I do have two additional questions for you please.
- We noticed that the first run on processing a document took significantly longer than if we processed the document again without closing the app. Is there a initialization routine the engine goes through on the first run?
- We would also need similar DocumentPreview functionality for Excel, PowerPoint, Visio, Outlook, (all Office formats you support). Would you be able to provide those methods as well? For now, if you could give us methods for Excel and PowerPoint, we could wait for the others until after purchase is made.
Thanks again so much.
Hi Mike,
- Loading a document into the Aspose.Words DOM only involves the document constructor. As soon as the constructor of the Document class has returned this means that the file is fully loaded into the DOM. This should not take any longer than a second even with large files. On your results you state that the document takes 15 seconds to load into the DOM, this sounds incorrect. Please let us know if this is really the case on your machine.
- Calling Document.UpdatePageLayout or saving to image or PDF etc is called rendering. This is what takes the bulk of the time as the document layout needs to be built in memory. This is what should be the 15 seconds.
- Yes, the first rendering conversion may take a longer as Aspose.Words needs to precache fonts and other resources. You can choose to precache such resources at the start of your application by creating a new document and calling Document.UpdatePageLayout.
- I will move your forum thread to the Aspose.Total forum so the support developers can take a look and provide you with the equivalent code you require for each product.
Hi Awais,
I'm cleaning up my solution to upload so you can check that we're doing things optimally -- should have it to you tomorrow, or Wednesday for you.
Yes, it sounds like I have the terminology wrong. Anyway, the time we're interested in is the total time to save the first image to disk so it can be displayed to the client browser. So I think my numbers are valid, just the terminology is off.
We had our meeting today with the CTO and I believe things are looking good for us to purchase. Couple things he asked that I need to follow up with you.
(1) How accurate is the output from the DocumentPreview code? Your code has a const maxNumberOfBlockLevelNodes = 50. What is the probability that a document would exceed that number and should we increase it? What would be an example of a document that exceeded 50 nodes, etc? His concern is that the preview image would look different from the original.

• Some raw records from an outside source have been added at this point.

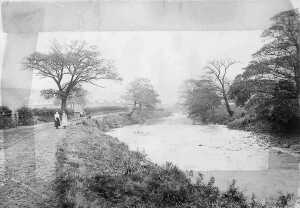 Upstream from Brooksbottom, Water Side, Summerseat, beside the River Irwell ran from the Brick Houses to Robins Road, c. 1910 
17-Buildings and the Urban Environment-05-Street Scenes-028-Summerseat Area
Keywords: 1945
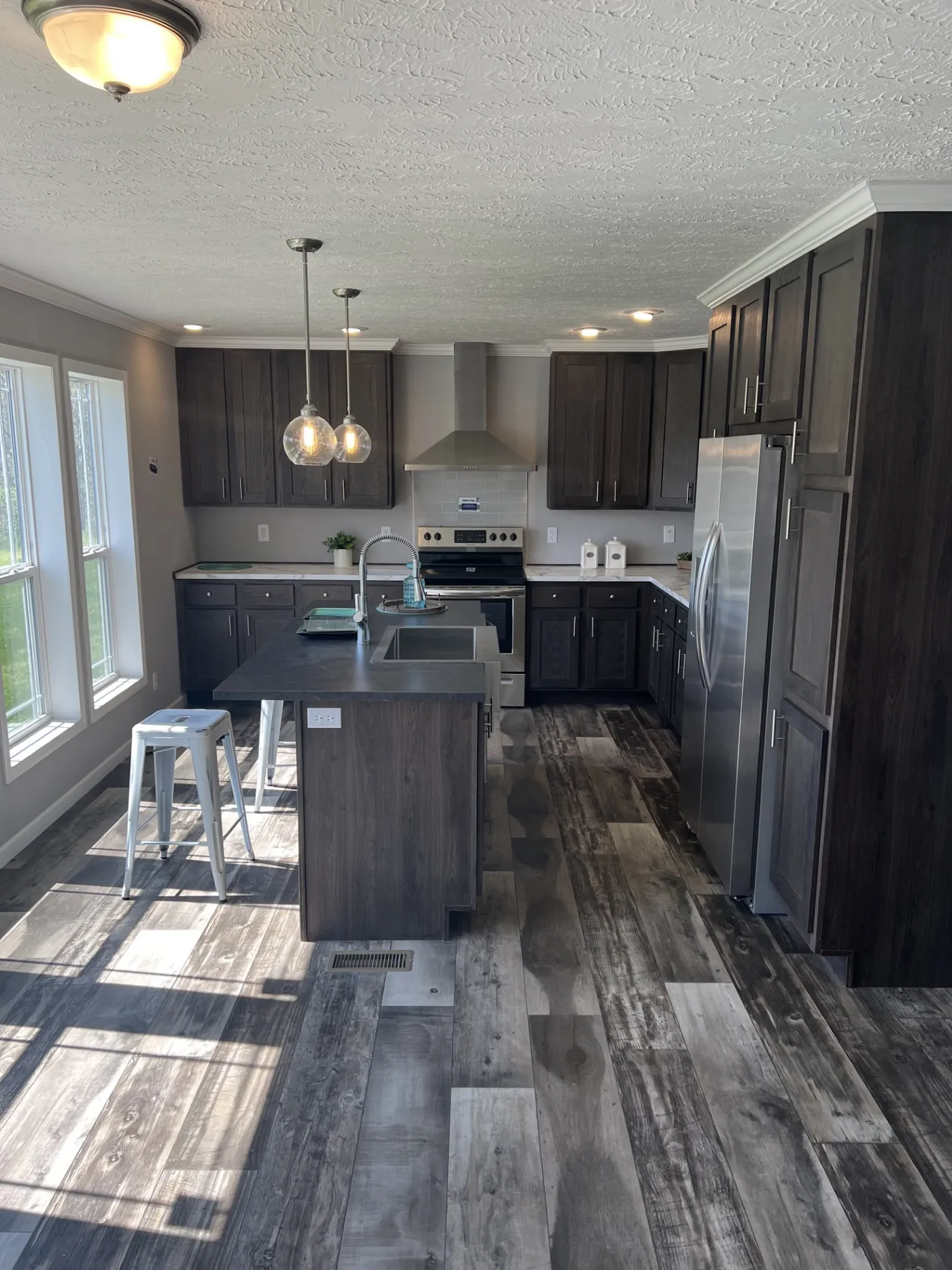 Mud Room to Kitchen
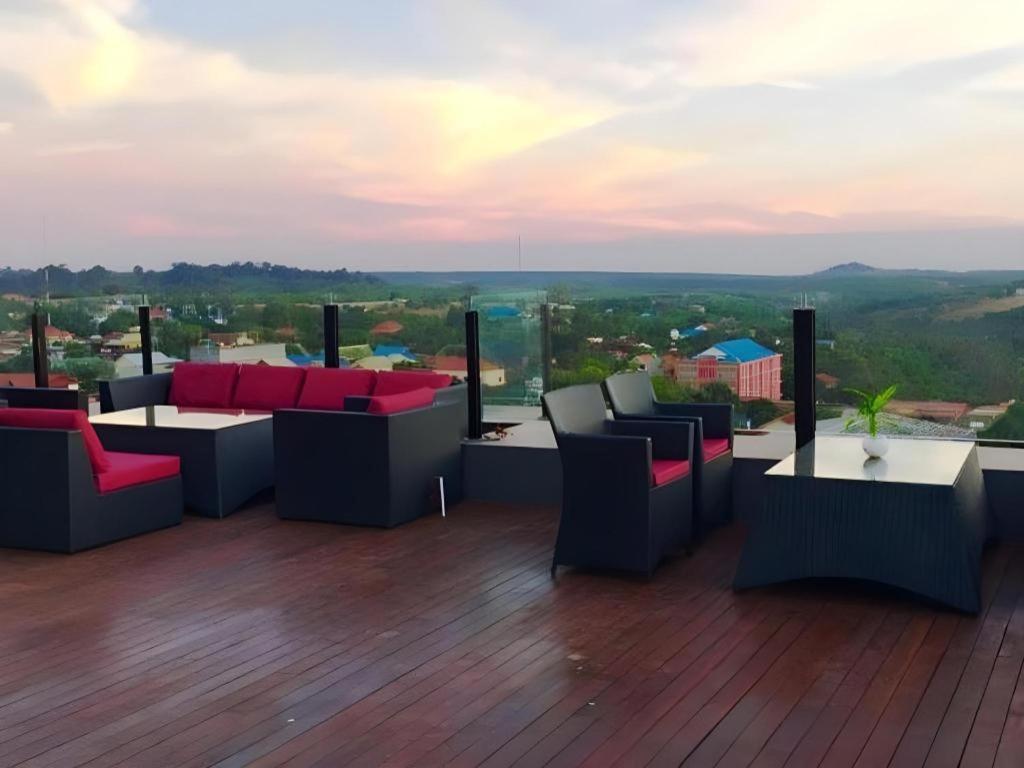 Yeak Loam Hotel Banlung Esterno foto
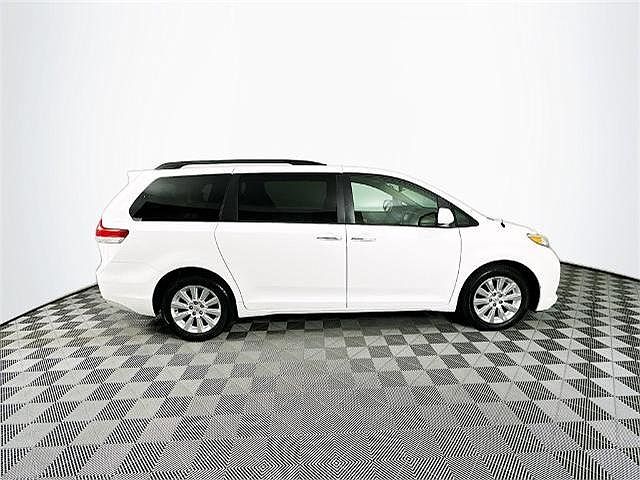 2013 Toyota Sienna Limited image 15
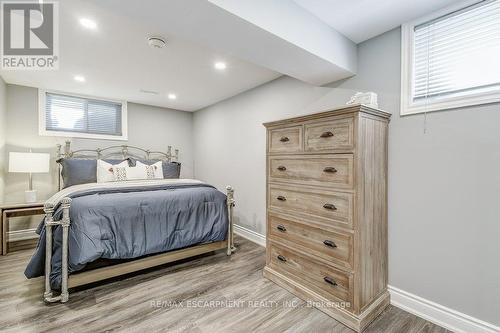 2352 Malcolm Crescent, Burlington, ON - Indoor Photo Showing Bedroom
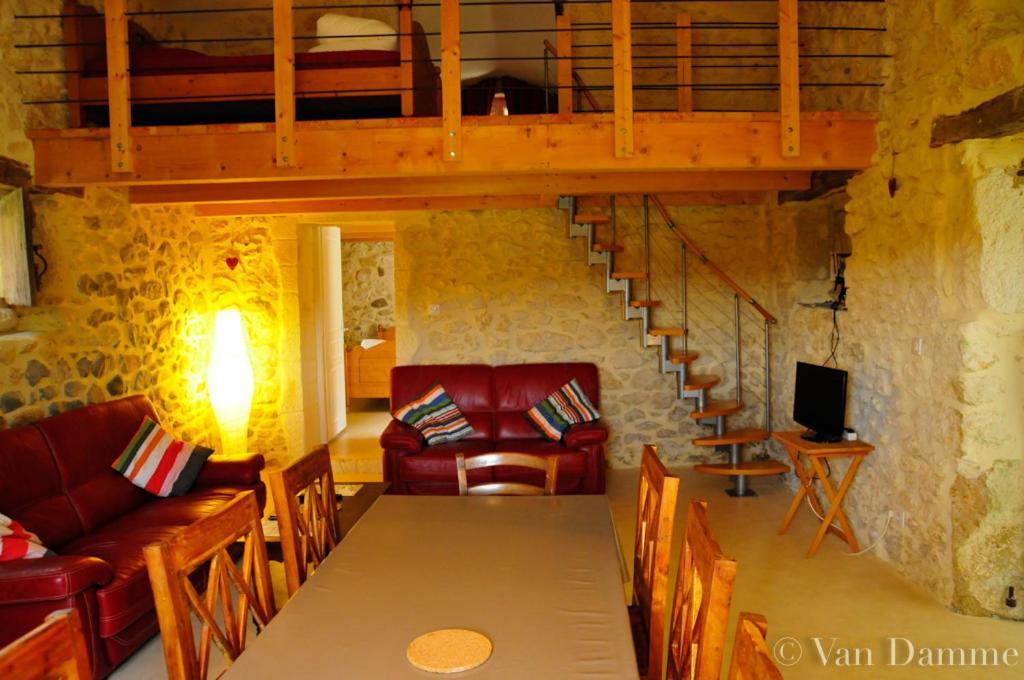Gites Du Domaine Des Dames Vallon-Pont-dʼArc Εξωτερικό φωτογραφία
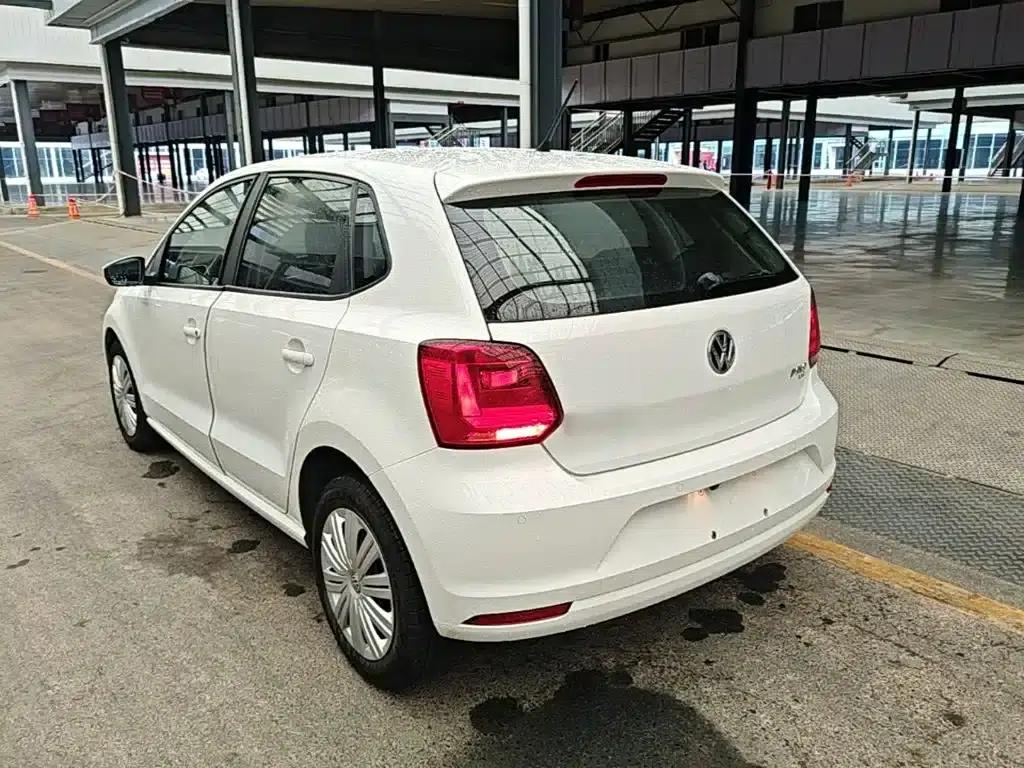 2016 Polo 1.6L Automatic Comfort Model — миниатюра 5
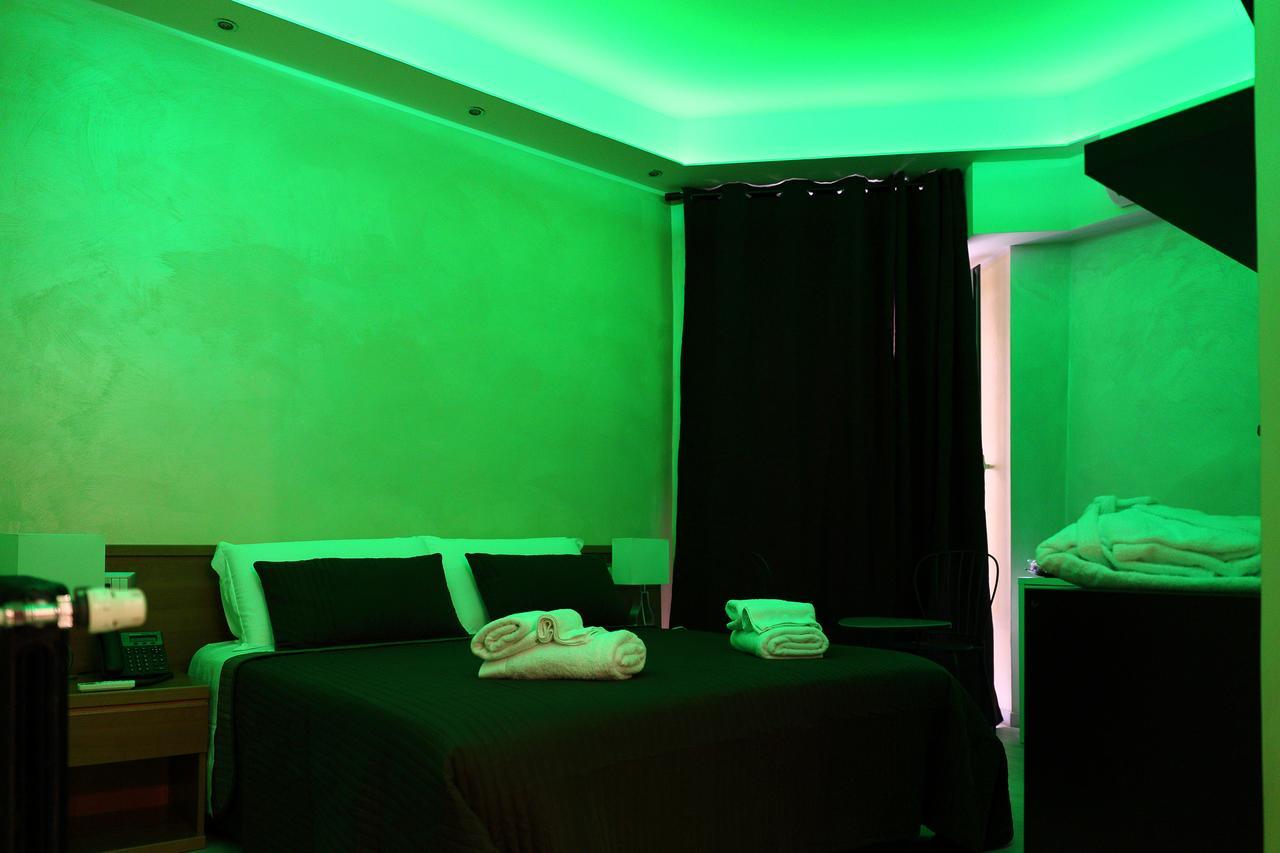 Mirko Luxury Inn Рим Экстерьер фото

(2) CTO also wants performance number for Excel and PowerPoint. Any chance someone can provide us with a DocumentPreview method for those document types?
Thanks again Awais! Very much appreciated.
-Mike
Hi Mike,
Hi Adam,
Please find attached the VS 2010 solution that tests Aspose performance for converting a document. Let me know if any trouble. When the app first starts, it will default to the PaperVision Capture manual that we have been testing. The output image/SVG files will be dropped in a folder with the similar name as the source doc.
eg,
PaperVision Capture R74.docx => \PaperVision Capture R74_docx
We have started testing Excel and PowerPoint. Can we get a PreviewDocument method for those types of documents?
Much Thanks!
Ps, had to remove your dll's to minimize size of upload. We're using Version 11.2.
Hi Adam,
One other question that we were asked about is how Aspose determines the default page size. Is it always 8 1/2 x 11, or does it use A4 if running on a system in European culture?
Thanks
Hi Mike,
Thanks for your inquiry. Regarding determining the page size, I think, the following API links will be helpful to you.
Best Regards,
Hi Mike,
Thanks,
Hi Mike,
Hi Mike,
Hi Mudassirv,
Thanks for the update. Is there a link to SLIDESNET-33379, or is that an internal-only tracking number?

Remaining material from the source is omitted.